Given entries:
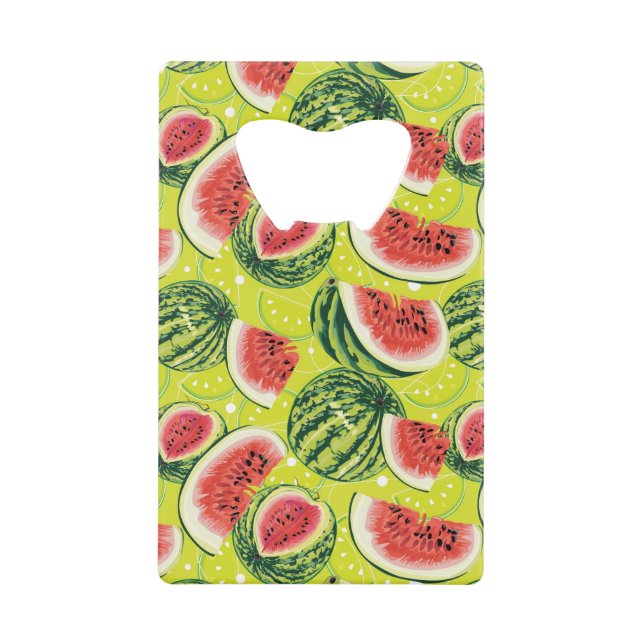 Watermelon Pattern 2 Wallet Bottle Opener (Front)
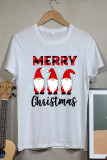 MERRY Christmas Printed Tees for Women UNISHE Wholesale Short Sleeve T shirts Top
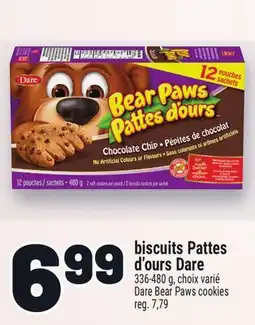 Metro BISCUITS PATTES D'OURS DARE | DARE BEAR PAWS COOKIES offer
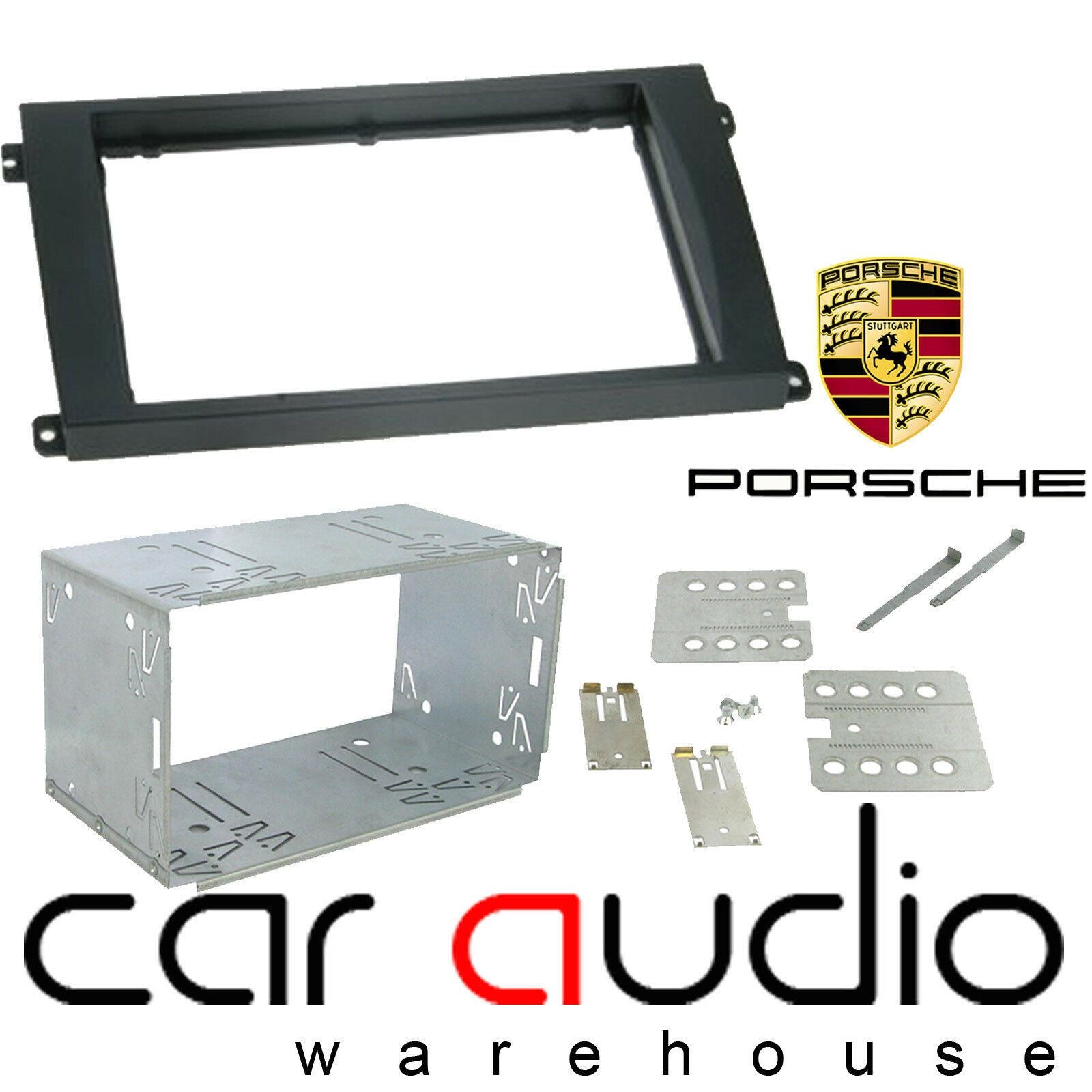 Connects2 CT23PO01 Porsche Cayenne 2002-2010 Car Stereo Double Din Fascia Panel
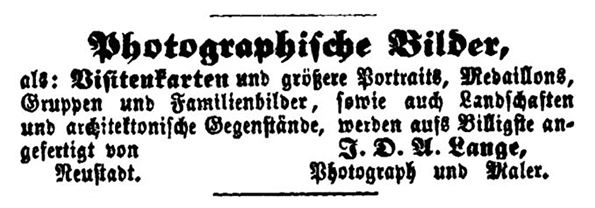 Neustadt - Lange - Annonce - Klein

Brief: Print the full listing again exactly, and drop every image from it.

Output of the exercise:
 Watermelon Pattern 2 Wallet Bottle Opener (Front)
 MERRY Christmas Printed Tees for Women UNISHE Wholesale Short Sleeve T shirts Top
 Metro BISCUITS PATTES D'OURS DARE | DARE BEAR PAWS COOKIES offer
 Connects2 CT23PO01 Porsche Cayenne 2002-2010 Car Stereo Double Din Fascia Panel
 Neustadt - Lange - Annonce - Klein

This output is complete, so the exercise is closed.